Heute begann der Prozess des dreijährigen "Bremer BAMF-Skandals", der eigentlich keiner war. Das Bundesinnenministerium, mit Horst Seehofer als Bundesinnenminister, warf der ehemaligen Leitern der Außenstelle des Bremer BAMF vor, tausende von Asylentscheidungen ohne genauere Prüfung positiv beschieden zu haben. Im Zuge dessen wurde ihr außerdem die Konspiration mit Rechtsanwält*innen sowie Bestechung vorgeworfen.

Was folgte, war ein Sturm der Entrüstung und wüsten Anschuldigungen gegen die verdächtigten Personen. Obwohl sich schnell abzeichnete, dass die Leiterin des BAMF in den ca. 18.000 besagten Fällen den bestehenden Schutzanspruch korrekt erkannt hatte, war der „Skandal“ perfekt.
Der nun anstehende Prozessbeginn am Bremer Landesgericht setzt sich nur noch mit wenigen Nebenanklagen auseinander, nachdem es im November 2020 entschied die Hauptanklagen abzulehnen. Spätestens zu diesem Zeitpunkt zeigte sich, wie konstruiert der „Skandal“ in Wirklichkeit gewesen ist.

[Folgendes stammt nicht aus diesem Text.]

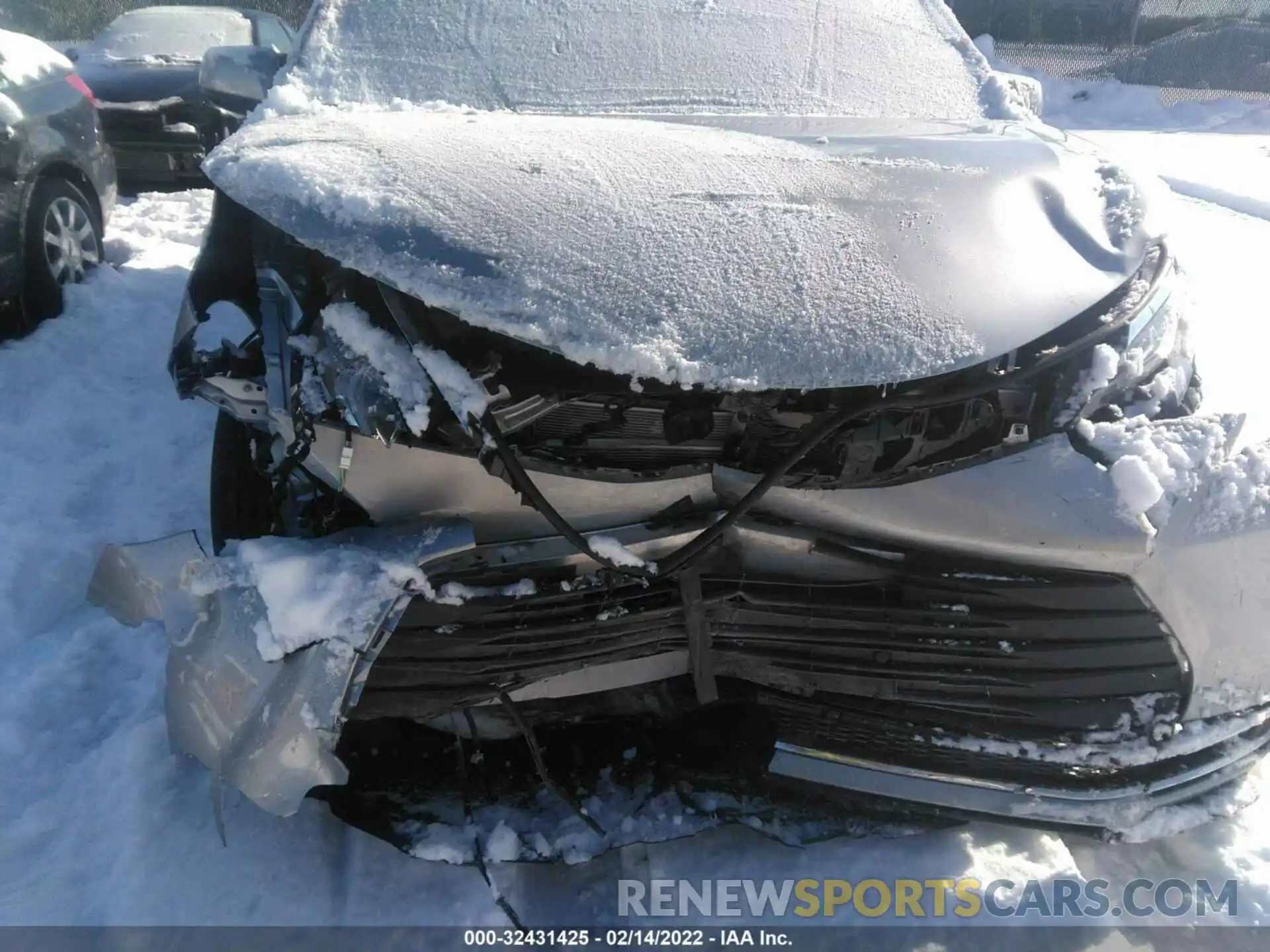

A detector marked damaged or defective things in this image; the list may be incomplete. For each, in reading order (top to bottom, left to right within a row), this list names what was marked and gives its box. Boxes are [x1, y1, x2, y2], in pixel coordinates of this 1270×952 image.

Horst Seehofer sowie Stephan Meyer von der CSU wurden ihrem populistischen Image wieder einmal gerecht, als sie von bandenförmigen Strukturen innerhalb des BAMFS sowie involvierten Rechtsanwält*innen sprachen. Was das deutsche Innenministerium und die Bremer Staatsanwaltschaft mit ihrem Verhalten ausgelöst haben, ist der eigentliche Skandal.
Der Skandalisierung der positiven Bescheide führte zu der Überprüfung zehntausender positiv beschiedener Asylbescheide. Personen, denen ein Schutzstatus zugesprochen wurde, mussten sich erneut in die belastende und retraumatisierende Situation der Bescheidsüberprüfung begeben. Was dies in den Einzelfällen ausgelöst hat, kann nur erahnt werden.
Wir als Flüchtlingsinitiative Bremen fragen: Wie kann es sein kann, dass Ministerien und einzelne Politiker*innen ohne jegliche Grundlage eine Anschuldigung, von solch riesigem Ausmaß, verbreiten und aufhetzen können? Wo bleiben die Konsequenzen für die Verantwortlichen?
Wo bleibt eine längst überfällige Entschuldigung an betroffene Personen?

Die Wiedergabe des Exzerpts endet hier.